Sidoarjo – Dalam rangka meningkatkan pemahaman dan kesiapan pegawai terhadap arah kebijakan fiskal nasional tahun 2026, KPPN Sidoarjo menyelenggarakan kegiatan GKM Kebijakan APBN 2026 dan Implementasi Mekanisme Kerja di Lingkungan Instansi Vertikal Direktorat Jenderal Perbendaharaan. Kegiatan ini dilaksanakan pada Kamis, 5 Maret 2026, bertempat di Ruang Rapat Lantai II KPPN Sidoarjo, dan diikuti oleh seluruh pejabat serta pegawai KPPN Sidoarjo.

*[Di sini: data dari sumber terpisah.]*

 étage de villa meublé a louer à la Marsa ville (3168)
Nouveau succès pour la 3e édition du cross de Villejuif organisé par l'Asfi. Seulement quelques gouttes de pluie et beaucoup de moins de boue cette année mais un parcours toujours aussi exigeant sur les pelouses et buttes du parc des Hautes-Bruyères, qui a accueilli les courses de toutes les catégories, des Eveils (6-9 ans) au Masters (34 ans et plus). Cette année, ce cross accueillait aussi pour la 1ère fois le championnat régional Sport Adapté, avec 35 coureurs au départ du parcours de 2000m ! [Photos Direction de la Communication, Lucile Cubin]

GKM ini bertujuan untuk memberikan pemahaman menyeluruh mengenai kebijakan APBN Tahun Anggaran 2026 sekaligus menginternalisasikan penyempurnaan mekanisme kerja di lingkungan Direktorat Jenderal Perbendaharaan (DJPb) sebagai langkah menuju organisasi yang lebih agile dan kolaboratif. Kegiatan ini menjadi bagian penting dalam mendukung peran KPPN sebagai ujung tombak pelaksanaan APBN di daerah.

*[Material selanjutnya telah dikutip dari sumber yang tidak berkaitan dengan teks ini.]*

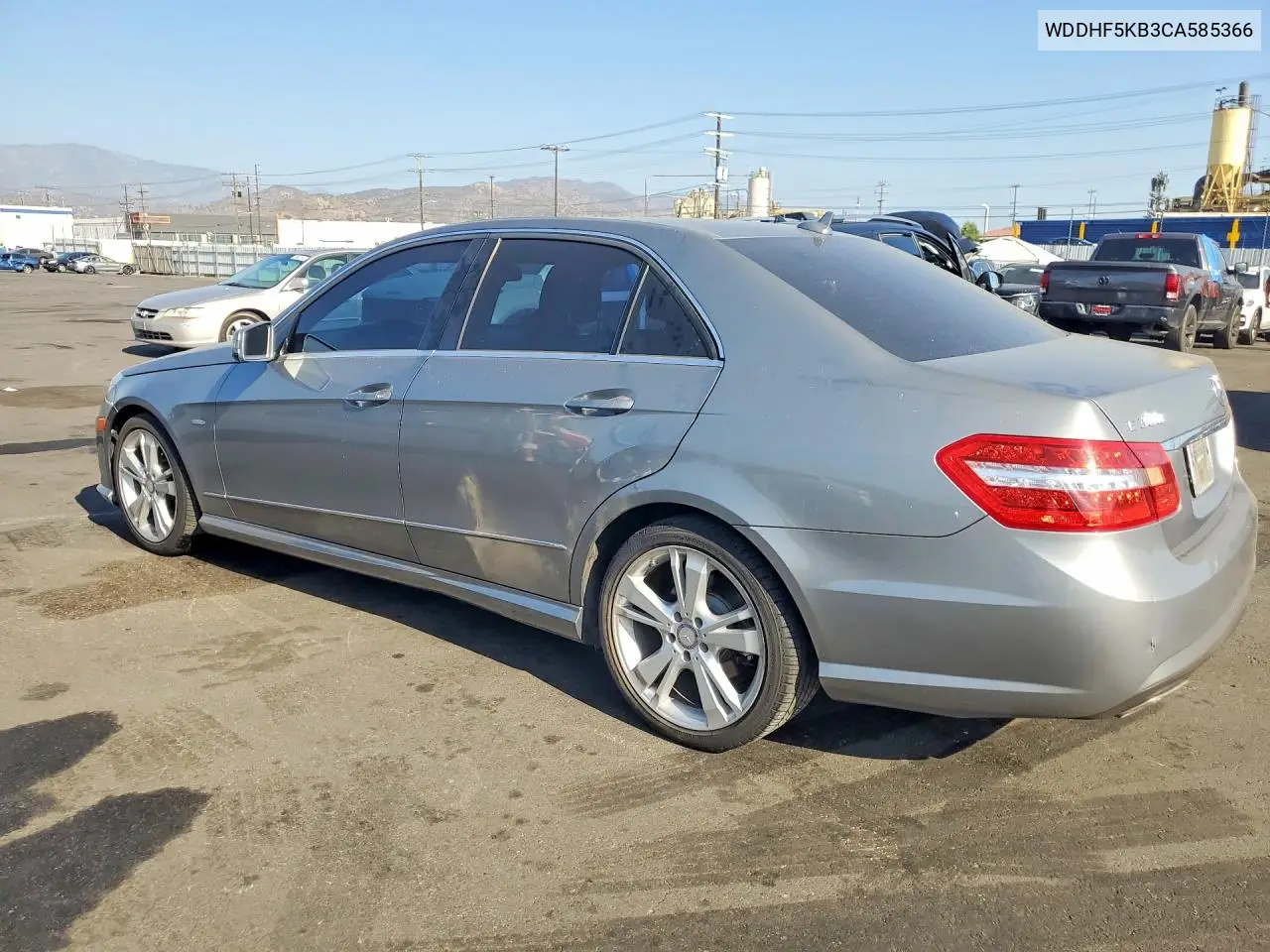 2012 MERCEDES E-KLASSE VIN WDDHF5KB3CA585366 — фото 2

Pada sesi pertama, Kepala KPPN Sidoarjo, Didi Prihadi Wibowo, menyampaikan materi mengenai Kebijakan APBN 2026. Dalam paparannya, dijelaskan dinamika kebijakan fiskal nasional serta penajaman belanja Kementerian/Lembaga (K/L) tahun 2026 yang difokuskan pada program prioritas Presiden. Disampaikan pula pentingnya pengawalan program strategis nasional, pengendalian inflasi, dan dukungan terhadap pertumbuhan ekonomi daerah melalui belanja negara dan kebijakan transfer ke daerah. Selain itu, dijabarkan langkah‑langkah strategis dalam pelaksanaan belanja K/L agar anggaran dapat dimanfaatkan secara optimal, tepat sasaran, dan akuntabel.
Selanjutnya, sesi kedua diisi dengan pemaparan Implementasi Mekanisme Kerja di Lingkungan Instansi Vertikal DJPb oleh Kepala Subbagian Umum KPPN Sidoarjo, Priatna Saptayadi. Materi ini menekankan urgensi penyempurnaan mekanisme kerja DJPb sebagai bagian dari transformasi organisasi. Disampaikan mengenai arah akselerasi menuju DJPb yang lebih adaptif, penguatan kolaborasi lintas fungsi, serta penataan organisasi melalui pembagian peran dan tanggung jawab yang jelas sesuai struktur kerja baru.
Dalam pemaparan tersebut, juga dijelaskan tahapan implementasi mekanisme kerja DJPb, termasuk pembentukan tim kerja, pelaksanaan piloting mekanisme kerja, serta penyusunan katalog tim kerja reguler di lingkungan KPPN Tipe A1. Penyempurnaan mekanisme kerja ini diharapkan mampu meningkatkan efektivitas pelaksanaan tugas, kualitas pengambilan keputusan, serta responsivitas organisasi terhadap dinamika kebijakan dan kebutuhan pemangku kepentingan.
Melalui pelaksanaan GKM ini, diharapkan seluruh pegawai KPPN Sidoarjo memiliki pemahaman yang selaras mengenai kebijakan APBN 2026 dan mampu mengimplementasikan mekanisme kerja DJPb secara konsisten dalam pelaksanaan tugas sehari‑hari.